═════ Source data

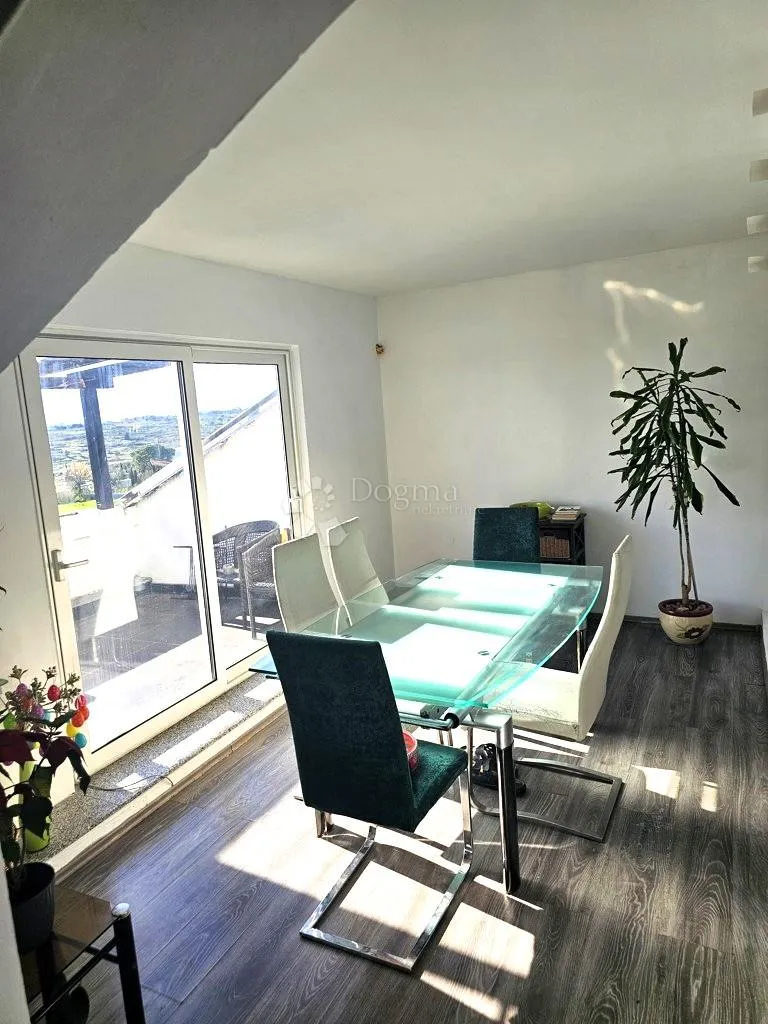trosoban stan s 2 balkona i terasom - crno, zadar - slika 2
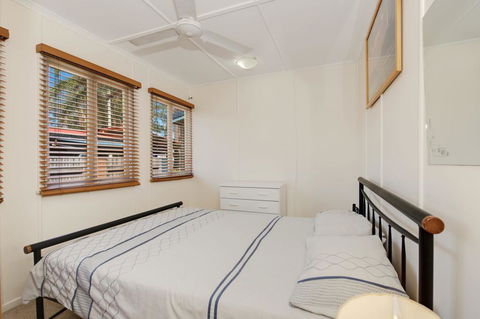 Wheelchair Friendly With Water Views - Welsby Pde, Bongaree - Australian Directory 1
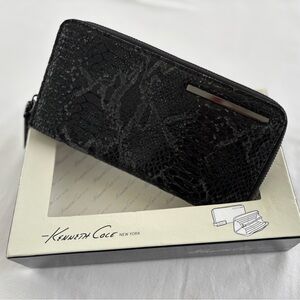 Kenneth Cole Black Croc-Embossed Wallet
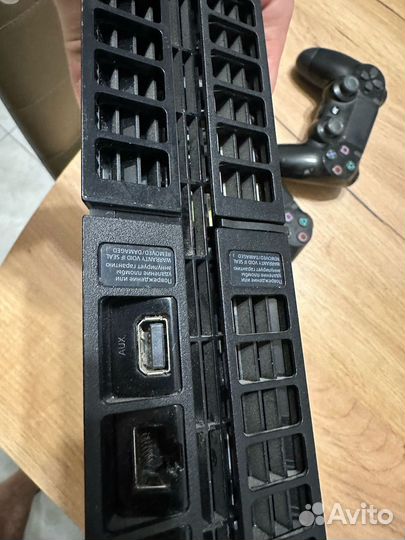 Игровая приставка ps4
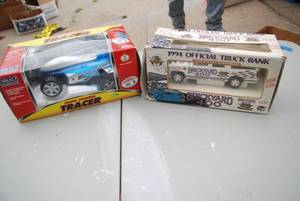 lot 472 image: Box of collectible die cast cars an...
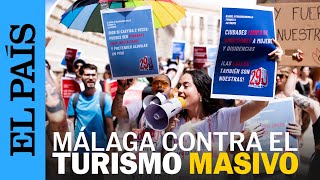 MÁLAGA  Manifestación en el centro de la ciudad contra el turismo masivo y el precio del alquiler [upl. by Giorgio]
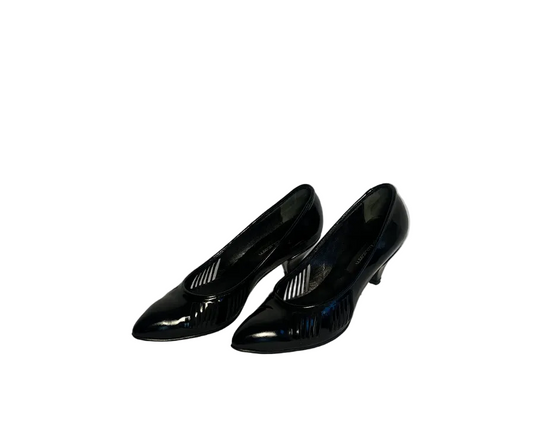 STÆRK ARCHIVE | THE WILD SWANS CUTOUT HEEL / BLACK
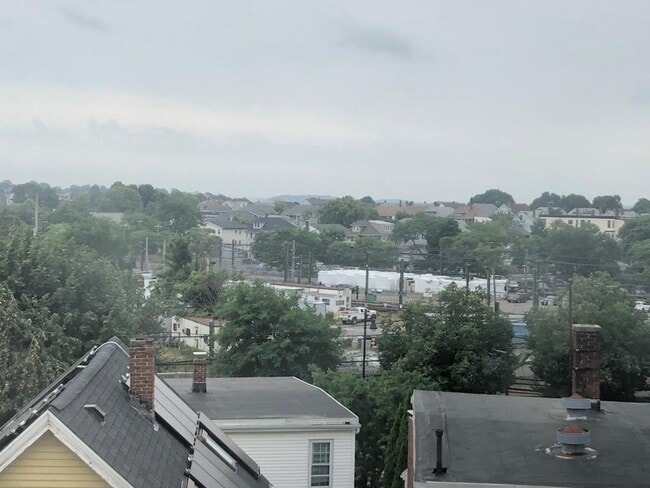 Building Photo - 240 Leyden St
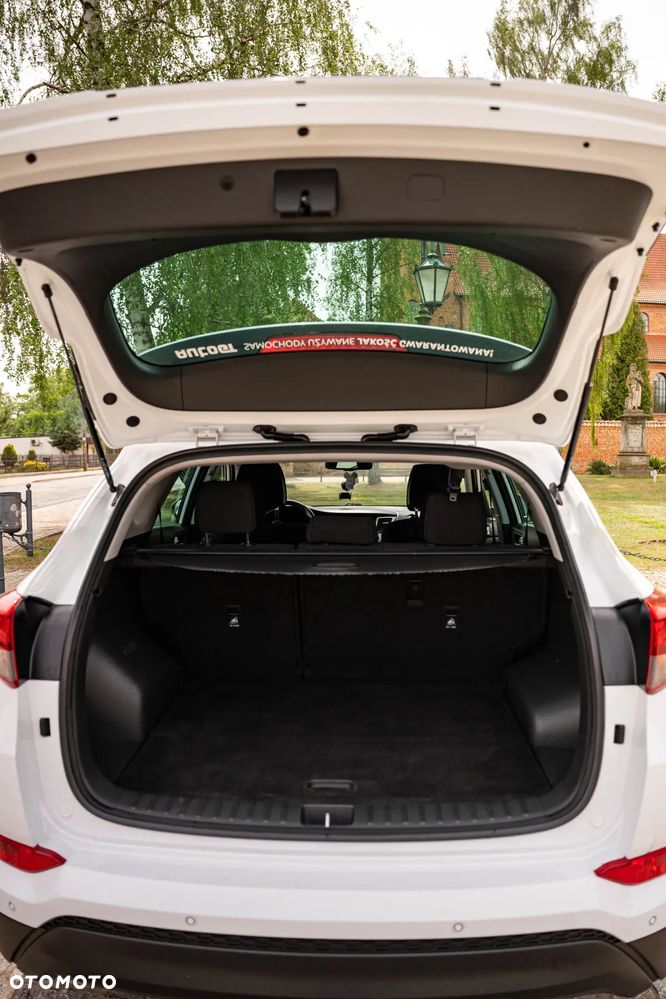 Hyundai Tucson 1.6 GDI BlueDrive Comfort 2WD - 21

══════════

- _Exercise goal_
From the line containing "STÆRK ARCHIVE |" to the final line above, both included, transcribe every line exactly and leave all pictures out.

- _Written answer_
 STÆRK ARCHIVE | THE WILD SWANS CUTOUT HEEL / BLACK
 Building Photo - 240 Leyden St
 Hyundai Tucson 1.6 GDI BlueDrive Comfort 2WD - 21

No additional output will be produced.